*TASK OBJECTIVE:*
Each line below needs to be repeated precisely as it is.

+ + + + +

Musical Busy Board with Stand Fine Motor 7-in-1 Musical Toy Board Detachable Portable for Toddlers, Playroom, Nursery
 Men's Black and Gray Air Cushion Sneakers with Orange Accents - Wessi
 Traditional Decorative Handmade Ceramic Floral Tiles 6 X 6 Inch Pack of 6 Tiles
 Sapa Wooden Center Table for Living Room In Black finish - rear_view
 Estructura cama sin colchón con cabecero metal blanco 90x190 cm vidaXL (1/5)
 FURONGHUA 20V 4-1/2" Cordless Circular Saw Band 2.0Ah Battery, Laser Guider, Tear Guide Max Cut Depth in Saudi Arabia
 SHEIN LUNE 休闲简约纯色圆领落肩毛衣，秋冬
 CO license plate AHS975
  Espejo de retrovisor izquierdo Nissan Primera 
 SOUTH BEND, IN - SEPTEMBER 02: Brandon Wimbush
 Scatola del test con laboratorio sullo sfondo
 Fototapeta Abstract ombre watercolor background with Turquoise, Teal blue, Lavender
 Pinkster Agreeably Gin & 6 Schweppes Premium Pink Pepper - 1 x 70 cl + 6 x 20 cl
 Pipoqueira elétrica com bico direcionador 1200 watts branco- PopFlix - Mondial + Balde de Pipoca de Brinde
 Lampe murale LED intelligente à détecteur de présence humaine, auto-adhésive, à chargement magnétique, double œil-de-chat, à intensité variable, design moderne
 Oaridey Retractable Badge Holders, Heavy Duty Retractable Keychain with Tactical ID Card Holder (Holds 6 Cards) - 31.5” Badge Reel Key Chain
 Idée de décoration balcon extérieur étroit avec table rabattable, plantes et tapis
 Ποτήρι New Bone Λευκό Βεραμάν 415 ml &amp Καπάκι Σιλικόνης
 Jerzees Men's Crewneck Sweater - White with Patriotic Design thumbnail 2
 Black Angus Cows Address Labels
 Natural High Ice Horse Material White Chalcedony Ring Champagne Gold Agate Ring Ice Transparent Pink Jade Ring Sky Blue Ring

+ + + + +

*YOUR SOLUTION:*
Musical Busy Board with Stand Fine Motor 7-in-1 Musical Toy Board Detachable Portable for Toddlers, Playroom, Nursery
 Men's Black and Gray Air Cushion Sneakers with Orange Accents - Wessi
 Traditional Decorative Handmade Ceramic Floral Tiles 6 X 6 Inch Pack of 6 Tiles
 Sapa Wooden Center Table for Living Room In Black finish - rear_view
 Estructura cama sin colchón con cabecero metal blanco 90x190 cm vidaXL (1/5)
 FURONGHUA 20V 4-1/2" Cordless Circular Saw Band 2.0Ah Battery, Laser Guider, Tear Guide Max Cut Depth in Saudi Arabia
 SHEIN LUNE 休闲简约纯色圆领落肩毛衣，秋冬
 CO license plate AHS975
  Espejo de retrovisor izquierdo Nissan Primera 
 SOUTH BEND, IN - SEPTEMBER 02: Brandon Wimbush
 Scatola del test con laboratorio sullo sfondo
 Fototapeta Abstract ombre watercolor background with Turquoise, Teal blue, Lavender
 Pinkster Agreeably Gin & 6 Schweppes Premium Pink Pepper - 1 x 70 cl + 6 x 20 cl
 Pipoqueira elétrica com bico direcionador 1200 watts branco- PopFlix - Mondial + Balde de Pipoca de Brinde
 Lampe murale LED intelligente à détecteur de présence humaine, auto-adhésive, à chargement magnétique, double œil-de-chat, à intensité variable, design moderne
 Oaridey Retractable Badge Holders, Heavy Duty Retractable Keychain with Tactical ID Card Holder (Holds 6 Cards) - 31.5” Badge Reel Key Chain
 Idée de décoration balcon extérieur étroit avec table rabattable, plantes et tapis
 Ποτήρι New Bone Λευκό Βεραμάν 415 ml &amp Καπάκι Σιλικόνης
 Jerzees Men's Crewneck Sweater - White with Patriotic Design thumbnail 2
 Black Angus Cows Address Labels
 Natural High Ice Horse Material White Chalcedony Ring Champagne Gold Agate Ring Ice Transparent Pink Jade Ring Sky Blue Ring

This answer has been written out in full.